The matching should cover the entire input string (not partial).
Note:
s could be empty and contains only lowercase letters a-z.
p could be empty and contains only lowercase letters a-z, and characters like . or *.
Example 1:
Input:
s = "aa"
p = "a"
Output: false
Explanation: "a" does not match the entire string "aa".
Example 2:
Input:
s = "aa"
p = "a*"
Output: true
Explanation: '*' means zero or more of the preceding element, 'a'. Therefore, by repeating 'a' once, it becomes "aa".
Example 3:
Input:
s = "ab"
p = ".*"
Output: true
Explanation: ".*" means "zero or more (*) of any character (.)".
Example 4:
mmm
Input:
s = "aab"
p = "c*a*b"
Output: true
Explanation: c can be repeated 0 times, a can be repeated 1 time. Therefore, it matches "aab".
Example 5:
Input:
s = "mississippi"
p = "mis*is*p*."
Output: false
* */
参数限制:
Constraints:
1 <= s.length <= 20
1 <= p.length <= 30
s contains only lowercase English letters.
p contains only lowercase English letters, '.', and '*'.

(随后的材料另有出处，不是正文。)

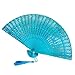 Produktbild Andouy Retro Faltfächer/Handfächer/Papierfächer/Federfächer/Sandelholz Fan/Bambusfächer für Hochzeit, Party, Tanzen(23cm.Blau)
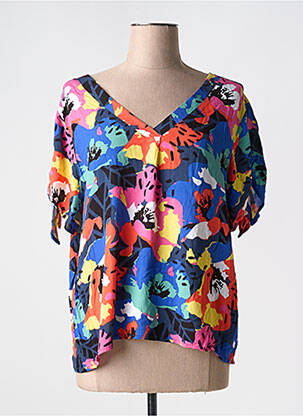 Blouse imprimé fantaisie manches courtes bleu LOLA ESPELETA femme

It is guaranteed for each appearance of the character '*', there will be a previous valid character to match.
第一种方法
先看官方的文档中的解法:首先就是递归处理,而且还介绍了一种方法,P中包含了两种字符,一个. 比较好处理,就是任意匹配就完活了,一个有点困难,特别是已经有了一个的情况下,所以从官方的solution中,我们学到了一个方法,我命名为:“假想降级”,如果题目中只有一个条件:
If there were no Kleene stars (the * wildcard character for regular expressions), the problem would be easier - we simply check from left to right if each character of the text matches the pattern.
class Solution {
public static boolean isMath_noKleeneStars(String s, String p) {
if (p == null || p.isEmpty()) return s == null || s.isEmpty();
boolean isMath = s.charAt(0) == p.charAt(0) || p.charAt(0) == '.';
if (p.length() > 1) {
// 迭代的匹配,s和p的匹配结果,取决于s和p的子串的匹配结果
return isMath && isMatch_resursive(s.substring(1), p.substring(1));
}
return isMath;
}
}
那么我们再去考虑,有*的情况. 然后我们就能够知道,我们需要修改上面递归的那一块的代码了. 递归的时候,考虑*的情况,怎么考虑尼?

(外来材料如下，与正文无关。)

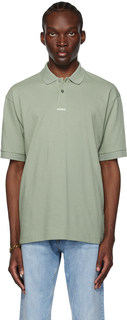 Зеленая легкая футболка-поло с привязкой Hugo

这个时候,考虑具体的迭代逻辑,不考虑实际的题目意思,加上上面的迭代的关键点,考虑上面的代码,遇到*号的时候,这个时候需要考虑前一个元素的匹配结果,所以我们需要判定p.length() > 1 的情况
class Solution {
public boolean isMatch(String text, String pattern) {
if (pattern.isEmpty()) return text.isEmpty();
// 第一个字符匹配的情况,这里面并没有把*号特殊的标出来,因为:It is guaranteed for each appearance of the character '*', there will be a previous valid character to match.
boolean first_match = (!text.isEmpty() &&
(pattern.charAt(0) == text.charAt(0) || pattern.charAt(0) == '.'));
if (pattern.length() >= 2 && pattern.charAt(1) == '*'){
// isMatch(text, pattern.substring(2)) 代表*连带的前面的字符也给吃掉了
// (first_match && isMatch(text.substring(1), pattern)) 代表*匹配了多个字符
return (isMatch(text, pattern.substring(2)) ||
(first_match && isMatch(text.substring(1), pattern)));
} else {
return first_match && isMatch(text.substring(1), pattern.substring(1));
}
}
}
上面是使用了递归的思想,虽然在递归迭代的时候,*的匹配规则:
‘*’ Matches zero or more of the preceding element.
转化为代码的时候:
(isMatch(text, pattern.substring(2))
(first_match && isMatch(text.substring(1), pattern)))
有点难理解,但是还是解决了问题。
第二种方法
从前一种方法中,我们了解到,这个问题存在:optimal substructure
As the problem has an optimal substructure, it is natural to cache intermediate results.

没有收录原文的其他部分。